Dérivabilité ponctuelle d’une intégrale liée aux fonctions de Bernoulli

Abstract:

Let $B (\vartheta )$ denote the first normalised Bernoulli function, and consider the series $f(\vartheta ):=\sum _{n\geqslant 1}B(n\vartheta )/n$. In a previous paper, we determined the set $E^*$ of those real numbers $\vartheta$ at which $f(\vartheta )$ converges. Let $B_2(\vartheta )$ designate the second Bernoulli function and let $\langle t\rangle$ denote the fractional part of the real number $t$. Put $F(\vartheta ):=\sum _{n\geqslant 1}{B_2(n\vartheta )/ 2n^2}=\pi ^2/72+\int _0^\vartheta f(t)\mathrm {d} t.$ It has been shown by Báez-Duarte, Balazard, Landreau and Saias (2005) that $F(\vartheta )$ and $\int _0^\infty \langle t\rangle \langle \vartheta t\rangle \mathrm {d} t/t^2$ have the same differentiability points.

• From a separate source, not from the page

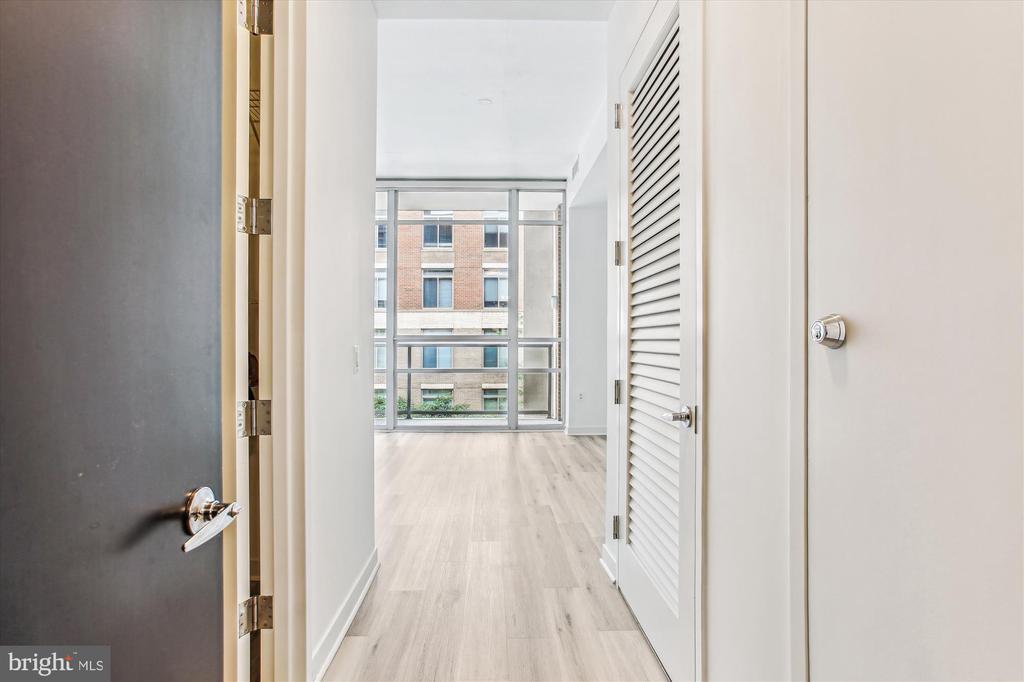 12025 NEW DOMINION PARKWAY 305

Moreover, using delicate functional equations, Balazard and Martin recently proved that the corresponding set is precisely $E:=E^*\smallsetminus \mathbb {Q}$ and that $F’(\vartheta )=f(\vartheta )$ whenever $\vartheta \in E$. We provide a short, direct proof of this last result, based on standard results from Diophantine approximation theory and uniform distribution theory.